In search of answers and adventure, Jonathan Bender sets out to explore the quirky world of Adult Fans of LEGO (AFOL) while becoming a builder himself. As he participates in challenges at fan conventions, searches for the largest private collection in the United States, and visits LEGO headquarters (where he was allowed into the set vault), he finds his LEGO journey twinned with a second creative endeavor—to have a child. His two worlds intertwine as he awaits the outcome: Will he win a build competition or bring a new fan of LEGO into the world? Like every really good love story, this one has surprises—and a happy ending.


29
llie Jerome is a young-at-heart seventy-five-year-old who feels she has more in common with her twenty-nine-year-old granddaughter, Lucy, than her fifty-five-year-old daughter, Barbara. Ellie’s done everything she can to stay young, and the last thing she wants is to celebrate another birthday. So when she finds herself confronted with a cake full of candles, Ellie wishes more than anything that she could be twenty-nine again, just for one day. But who expects a wish like that to come true?

29 is the story of three generations of women and how one magical day shakes up everything they know about each other. While Ellie finds that the life of a twenty-something is not as carefree as she expected, the sheer joy of being young again prompts her to consider living her life all over. Does she dare stay young for more than this day, even if it means leaving everyone she loves behind?


Homer's Odyssey

The last thing Gwen Cooper wanted was another cat. She already had two, not to mention a phenomenally underpaying job and a recently broken heart. Then Gwen’s veterinarian called with a story about a three-week-old eyeless kitten who’d been abandoned. It was love at first sight.

Everyone warned that Homer would always be an “underachiever.” But the kitten nobody believed in quickly grew into a three-pound dynamo with a giant heart who eagerly made friends with every human who crossed his path. Homer scaled seven-foot bookcases with ease, survived being trapped alone for days after 9/11 in an apartment near the World Trade Center, and even saved Gwen’s life when he chased off an intruder who broke into their home in the middle of the night. But it was Homer’s unswerving loyalty, his infinite capacity for love, and his joy in the face of all obstacles that transformed Gwen’s life. And by the time she met the man she would marry, she realized that Homer had taught her the most valuable lesson of all: Love isn’t something you see with your eyes.


Room

"remarkable.... Jack's voice is one of the pure triumphs of the novel: in him, she has invented a child narrator who is one of the most engaging in years - his voice so pervasive I could hear him chatting away during the day when I wasn't reading the book. Donoghue rearranges language to evoke the sweetness of a child's learning without making him coy or overly darling; Jack is lovable simply because he is lovable.... This is a truly memorable novel, one that can be read through myriad lenses - psychological, sociological, political. It presents an utterly unique way to talk about love, all the while giving us a fresh, expansive eye on the world in which we live."

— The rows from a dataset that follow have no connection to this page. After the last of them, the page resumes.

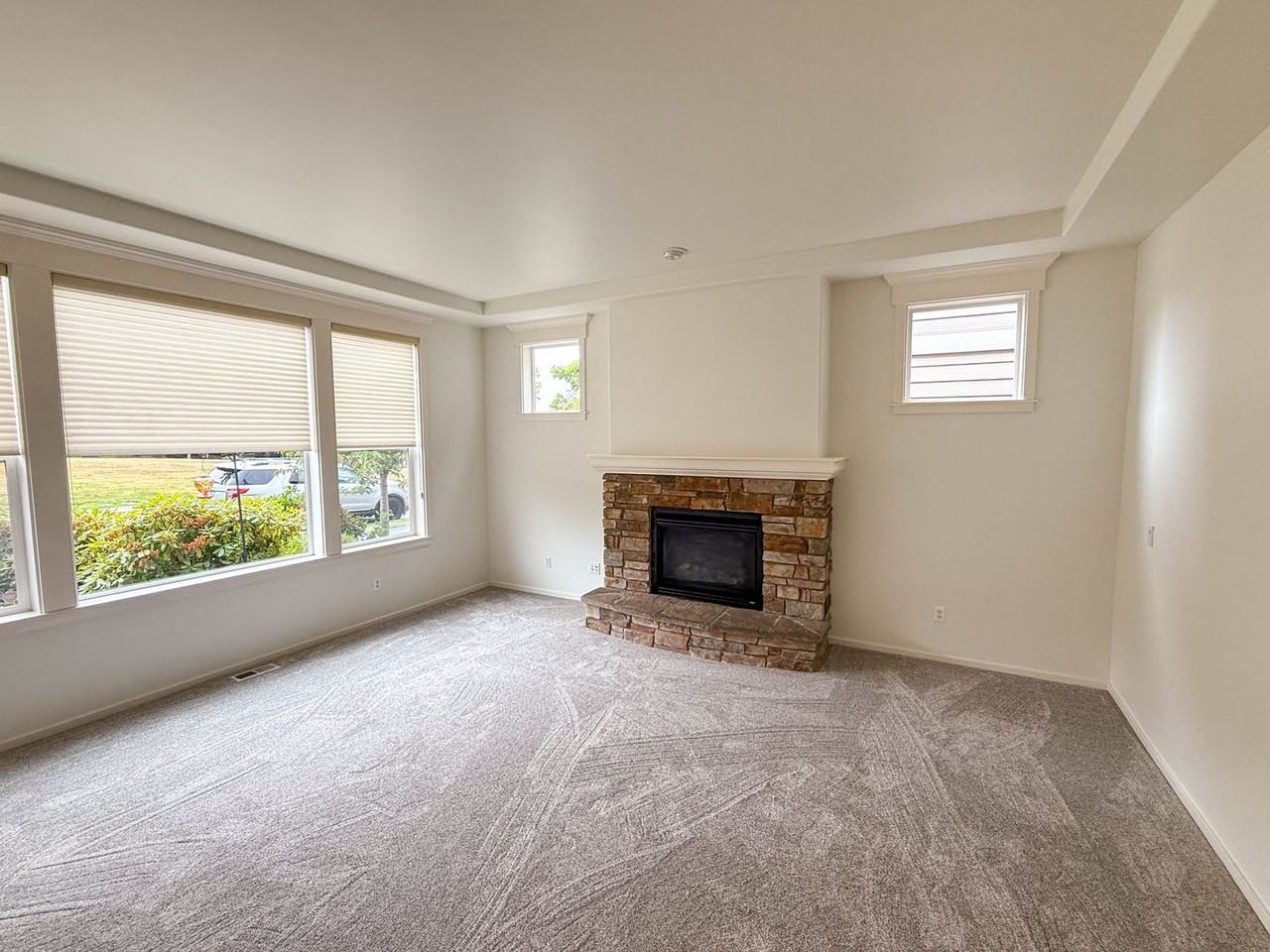 3463 Ne Monterey Ln - Photo 3 of 34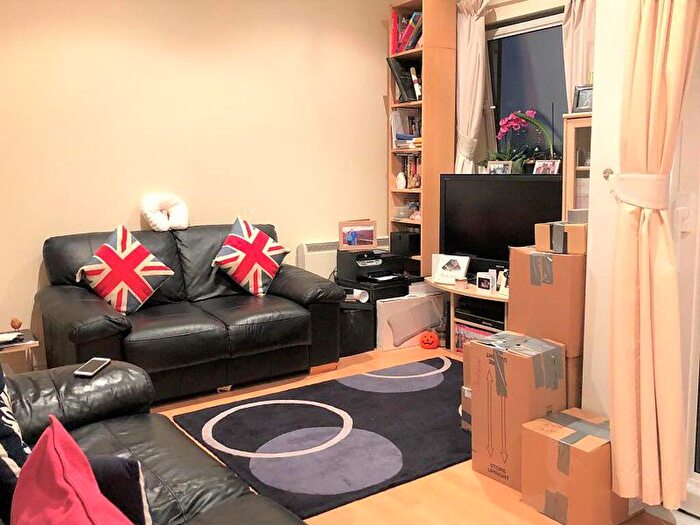 1 Bedroom Apartment For Sale In Fishguard Way, London, E16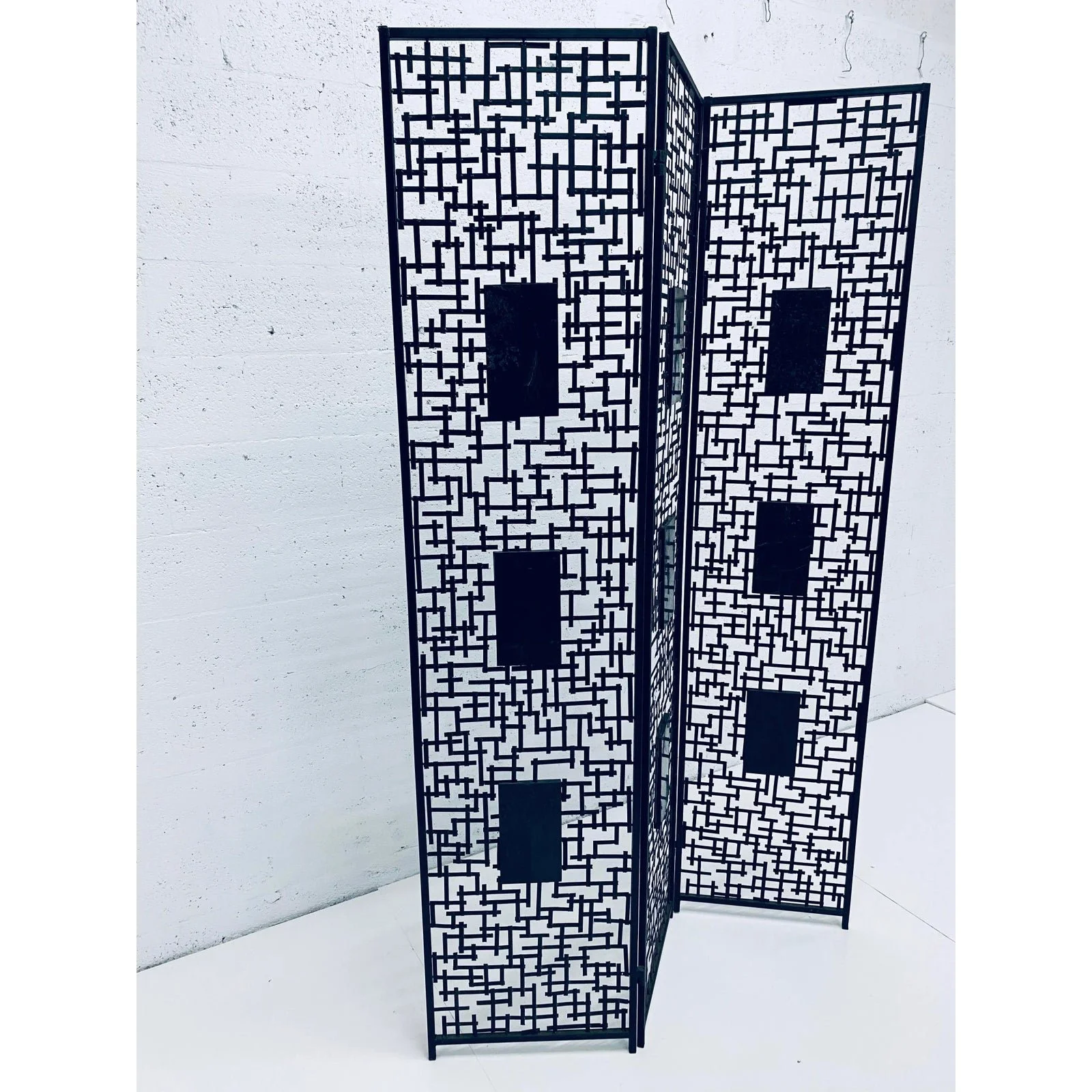 black-iron-room-divider-screen-with-black-tessellated-stone-accents-5662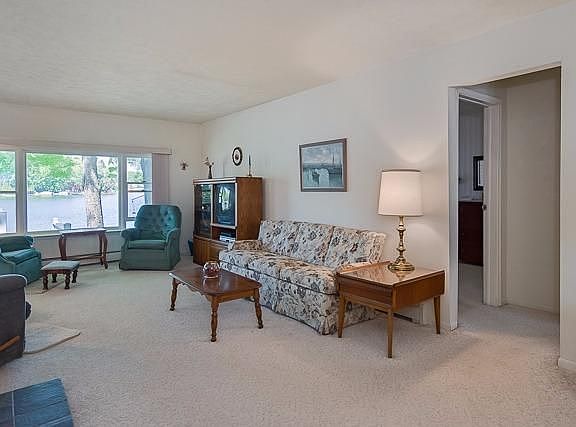 5th image of 6354 Fonda Lake Dr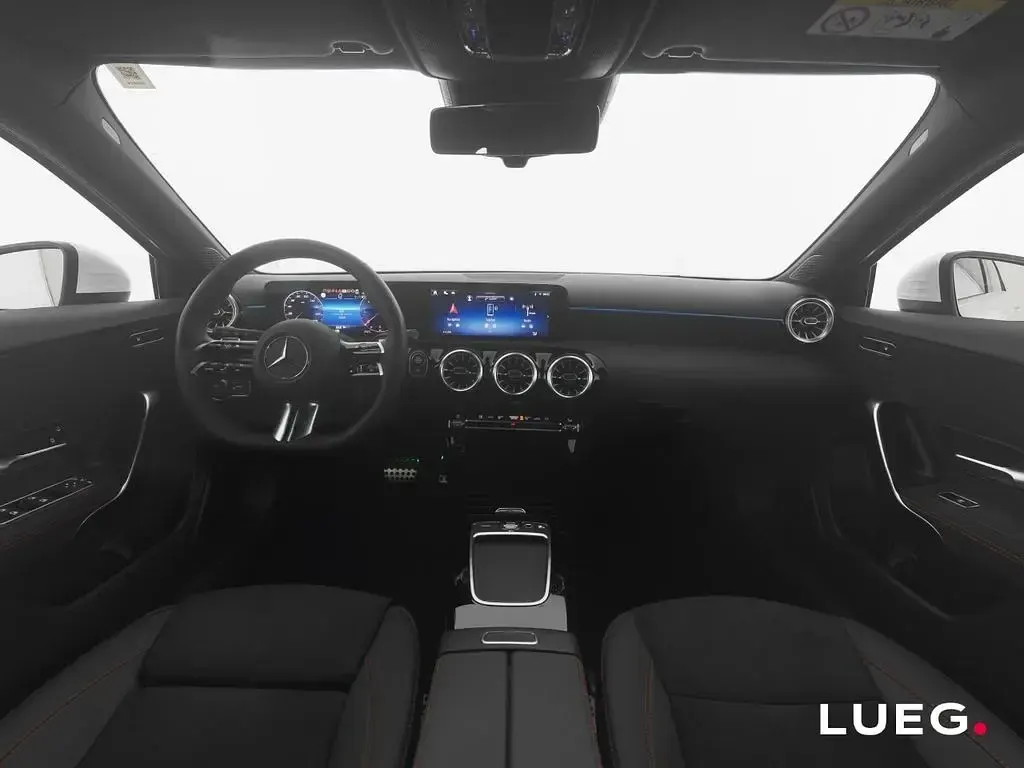 Gebraucht Mercedes A220 AMG 190 PS (139 kW) 2024 Weiß Limousine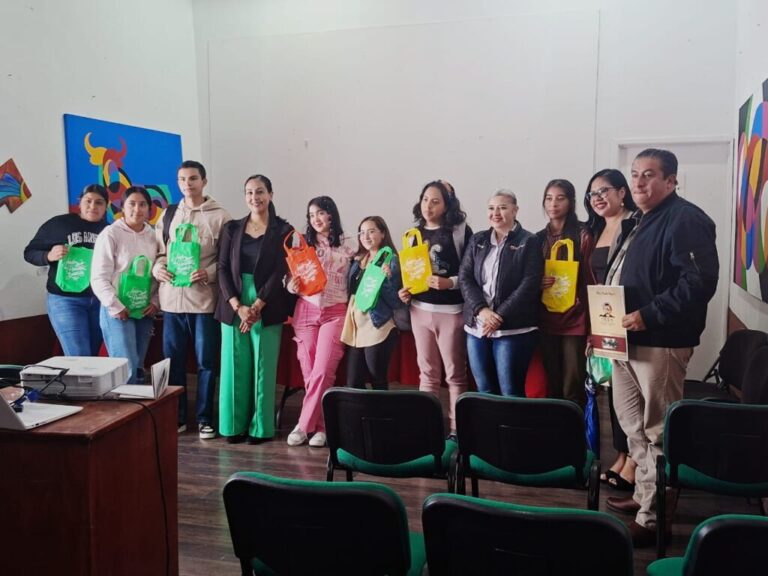 Estudiantes de Pinos se capacitan en turismo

-The New York Times Book Review


The Elephant Keeper
England, 1766: After a long voyage from the East Indies, a ship docks in Bristol, England, and rumor quickly spreads about its unusual cargo. In the final two crates is a pair of young elephants, in poor health but alive.

Seeing a unique opportunity, a wealthy sugar merchant purchases the elephants for his country estate and turns their care over to a young stable boy, Tom Page. It takes time for Tom and the elephants to understand each other, but to the surprise of everyone on the estate, a remarkable bond is formed.

The Elephant Keeper is a captivating tale of love and loyalty between one man and the two exotic animals that change the lives of everyone who encounters them.


The Jesuit Guide to Almost Everything


St. Ignatius Loyola (1491-1556), the founder of the Society of Jesus (aka the Jesuits), was known for his practical spirituality. The "way of Ignatius" has helped millions of people—from the doubtful seeker to the devout believer—find freedom, make friends, live simply, work sensibly, fall in love, experience joy, and enter into a relationship with God.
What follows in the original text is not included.